Here’s a question most of us haven’t pondered before: What’s a dad to do if he’s out and about with his baby who needs a new diaper and there’s no changing table in the men’s restroom? As the dynamics of the “modern family” (and no, I don’t mean families with iPhones!) evolve, lawmakers are considering two bills with similar intentions mandating businesses to grant men equal access to changing tables.
Senate bills 1358 and 1350, aka “the Diaper Mandate,” have cleared the California Senate and are awaiting consideration in the Assembly, which could come next month. One bill, sponsored by Sen. Lois Walk (D), would require that any building renovation done at a cost of more than $50,000 must include a baby-changing station installation. Building inspectors would enforce the new rules under their normal inspection process and could fine businesses that did not comply.

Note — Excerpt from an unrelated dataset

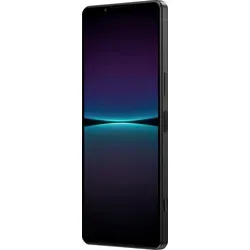 Sony Xperia 1 IV - 256 GB, Schwarz, 6.50" Display, SIM + eSIM, 12 Mpx Kamera, 5G-fähig für blitzschnelle Internetverbindungen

The second bill, sponsored by Sen. Ricardo Lara (D), would require that facilities with current changing tables make the tables accessible to all genders. This means having a changing table in a men’s restroom if there is one in a women’s, or having a family restroom. Sen. Mark Wyland (R) was one of two lawmakers in the Senate committee who voted against the bill. His policy consultant told reporters that it’s uncertain what the bill would cost businesses.
Diaper-changing tables are currently not required by state or federal law in any restroom. But many family-friendly businesses provide them as a courtesy and convenience, most commonly in the women’s restroom.
Lara said he thought of introducing such a bill after receiving calls from same-sex couples who wanted changing tables in men’s restrooms. But after research into the issue, he realized that the population affected by the issue is much broader than just the LGBT community.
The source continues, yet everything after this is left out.